[Data provided — start]

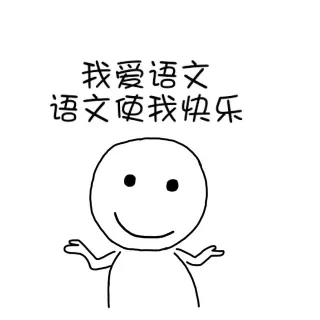 我就爱学习，学习使我快乐 _学习_学霸_装逼表情包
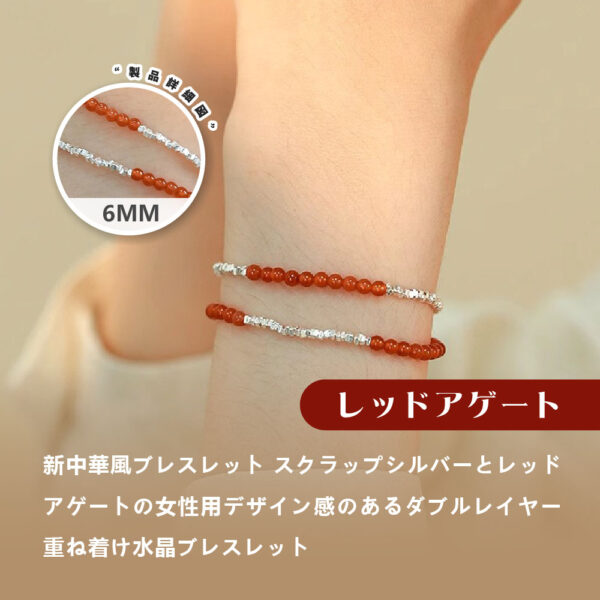 [開運 金運 仕事運 ] 天然石 ブレスレット 6MM ストロベリークォーツ 天然石ブレスレットパワース トーンブレスレッ スアクセサリー WRTA-BR-438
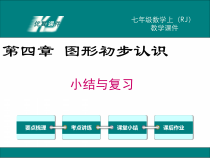 第四章 小结与复习-七年级上册数学【人教版】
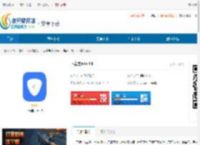 下载宝<strong>APP</strong>官网版下载-下载宝<strong>APP</strong>最新版下载 - 非凡软件站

[Data provided — finish]

— Work to complete —
The result should be the listing above, restated exactly, with no pictures in it.

— Task answer —
 我就爱学习，学习使我快乐 _学习_学霸_装逼表情包
 [開運 金運 仕事運 ] 天然石 ブレスレット 6MM ストロベリークォーツ 天然石ブレスレットパワース トーンブレスレッ スアクセサリー WRTA-BR-438
 第四章 小结与复习-七年级上册数学【人教版】
 下载宝<strong>APP</strong>官网版下载-下载宝<strong>APP</strong>最新版下载 - 非凡软件站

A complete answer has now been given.